◆ Your assignment
Only one stretch of the data below is wanted: the lines from the one with "Apli Pennarello Gel" through the one with "Sweet One Beautiful", repeated exactly.

--- START ---

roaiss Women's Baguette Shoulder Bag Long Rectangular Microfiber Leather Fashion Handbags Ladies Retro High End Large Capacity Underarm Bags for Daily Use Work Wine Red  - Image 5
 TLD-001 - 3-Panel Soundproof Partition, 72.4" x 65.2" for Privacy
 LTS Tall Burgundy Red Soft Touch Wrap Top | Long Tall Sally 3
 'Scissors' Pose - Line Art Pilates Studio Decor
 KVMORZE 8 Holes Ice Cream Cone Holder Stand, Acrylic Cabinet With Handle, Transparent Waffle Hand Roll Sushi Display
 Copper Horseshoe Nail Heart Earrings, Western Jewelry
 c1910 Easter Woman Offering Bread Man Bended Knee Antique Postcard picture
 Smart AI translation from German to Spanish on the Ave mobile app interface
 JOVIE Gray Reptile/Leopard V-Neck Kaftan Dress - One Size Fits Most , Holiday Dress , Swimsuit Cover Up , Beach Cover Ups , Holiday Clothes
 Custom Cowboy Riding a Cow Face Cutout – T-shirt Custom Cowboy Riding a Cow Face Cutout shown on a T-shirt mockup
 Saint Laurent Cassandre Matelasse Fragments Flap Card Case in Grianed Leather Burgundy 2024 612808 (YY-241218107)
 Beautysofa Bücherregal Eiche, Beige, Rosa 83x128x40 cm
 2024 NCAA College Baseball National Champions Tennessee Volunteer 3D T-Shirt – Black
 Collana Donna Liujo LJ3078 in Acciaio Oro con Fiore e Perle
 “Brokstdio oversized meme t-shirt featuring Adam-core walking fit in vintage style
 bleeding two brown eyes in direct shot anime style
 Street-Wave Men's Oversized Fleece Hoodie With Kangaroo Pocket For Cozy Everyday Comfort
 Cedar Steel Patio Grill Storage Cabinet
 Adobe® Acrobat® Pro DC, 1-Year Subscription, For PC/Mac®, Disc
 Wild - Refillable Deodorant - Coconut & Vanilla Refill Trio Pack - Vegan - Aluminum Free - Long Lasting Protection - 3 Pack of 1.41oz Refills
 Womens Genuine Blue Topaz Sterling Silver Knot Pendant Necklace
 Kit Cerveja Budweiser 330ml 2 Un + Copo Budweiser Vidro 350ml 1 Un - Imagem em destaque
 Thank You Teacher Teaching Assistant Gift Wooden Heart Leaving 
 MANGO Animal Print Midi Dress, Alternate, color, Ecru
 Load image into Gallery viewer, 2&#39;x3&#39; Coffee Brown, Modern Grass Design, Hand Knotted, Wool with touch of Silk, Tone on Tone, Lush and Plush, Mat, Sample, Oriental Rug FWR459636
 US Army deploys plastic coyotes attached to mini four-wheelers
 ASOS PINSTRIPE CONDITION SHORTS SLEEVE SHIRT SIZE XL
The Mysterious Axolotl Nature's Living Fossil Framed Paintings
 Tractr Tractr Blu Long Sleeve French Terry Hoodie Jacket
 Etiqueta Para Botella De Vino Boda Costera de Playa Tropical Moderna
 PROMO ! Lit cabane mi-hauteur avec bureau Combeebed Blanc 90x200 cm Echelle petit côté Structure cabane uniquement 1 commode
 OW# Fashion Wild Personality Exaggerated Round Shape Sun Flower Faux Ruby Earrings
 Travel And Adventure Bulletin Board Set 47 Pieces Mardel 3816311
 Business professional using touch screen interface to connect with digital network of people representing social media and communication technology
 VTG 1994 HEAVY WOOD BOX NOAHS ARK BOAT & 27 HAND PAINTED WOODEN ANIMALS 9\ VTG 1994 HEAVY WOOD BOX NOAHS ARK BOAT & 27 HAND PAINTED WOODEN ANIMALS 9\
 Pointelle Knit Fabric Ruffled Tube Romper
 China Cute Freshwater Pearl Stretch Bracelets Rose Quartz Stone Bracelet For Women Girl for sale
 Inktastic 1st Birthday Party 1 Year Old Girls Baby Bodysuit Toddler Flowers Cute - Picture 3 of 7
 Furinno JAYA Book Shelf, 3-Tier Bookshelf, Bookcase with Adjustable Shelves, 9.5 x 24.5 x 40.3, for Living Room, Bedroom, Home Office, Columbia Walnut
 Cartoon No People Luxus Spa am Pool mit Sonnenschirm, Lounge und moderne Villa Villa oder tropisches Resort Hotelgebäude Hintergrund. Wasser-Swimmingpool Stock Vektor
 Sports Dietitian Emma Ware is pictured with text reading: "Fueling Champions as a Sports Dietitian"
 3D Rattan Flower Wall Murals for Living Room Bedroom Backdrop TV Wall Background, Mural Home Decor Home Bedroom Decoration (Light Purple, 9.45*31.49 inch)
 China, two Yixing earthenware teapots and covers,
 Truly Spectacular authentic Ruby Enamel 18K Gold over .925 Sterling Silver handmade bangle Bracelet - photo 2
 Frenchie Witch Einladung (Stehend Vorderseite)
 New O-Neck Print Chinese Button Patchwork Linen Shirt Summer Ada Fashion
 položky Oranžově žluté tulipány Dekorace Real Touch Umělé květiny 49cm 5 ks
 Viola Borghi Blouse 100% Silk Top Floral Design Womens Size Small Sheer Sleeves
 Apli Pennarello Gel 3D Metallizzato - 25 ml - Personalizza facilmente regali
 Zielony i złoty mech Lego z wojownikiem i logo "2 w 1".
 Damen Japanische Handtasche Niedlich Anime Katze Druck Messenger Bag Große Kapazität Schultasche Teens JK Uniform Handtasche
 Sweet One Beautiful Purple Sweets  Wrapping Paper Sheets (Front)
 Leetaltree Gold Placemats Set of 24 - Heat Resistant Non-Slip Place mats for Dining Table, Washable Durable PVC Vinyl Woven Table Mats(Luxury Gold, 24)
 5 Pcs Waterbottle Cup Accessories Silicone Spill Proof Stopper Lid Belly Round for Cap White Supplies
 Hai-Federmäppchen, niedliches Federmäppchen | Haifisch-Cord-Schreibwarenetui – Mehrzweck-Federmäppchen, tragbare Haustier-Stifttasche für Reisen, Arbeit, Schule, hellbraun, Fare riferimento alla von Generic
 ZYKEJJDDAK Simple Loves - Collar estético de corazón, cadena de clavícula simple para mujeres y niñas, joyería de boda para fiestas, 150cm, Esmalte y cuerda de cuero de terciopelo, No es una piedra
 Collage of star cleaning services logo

--- END ---

◆ Response to this task
 Apli Pennarello Gel 3D Metallizzato - 25 ml - Personalizza facilmente regali
 Zielony i złoty mech Lego z wojownikiem i logo "2 w 1".
 Damen Japanische Handtasche Niedlich Anime Katze Druck Messenger Bag Große Kapazität Schultasche Teens JK Uniform Handtasche
 Sweet One Beautiful Purple Sweets  Wrapping Paper Sheets (Front)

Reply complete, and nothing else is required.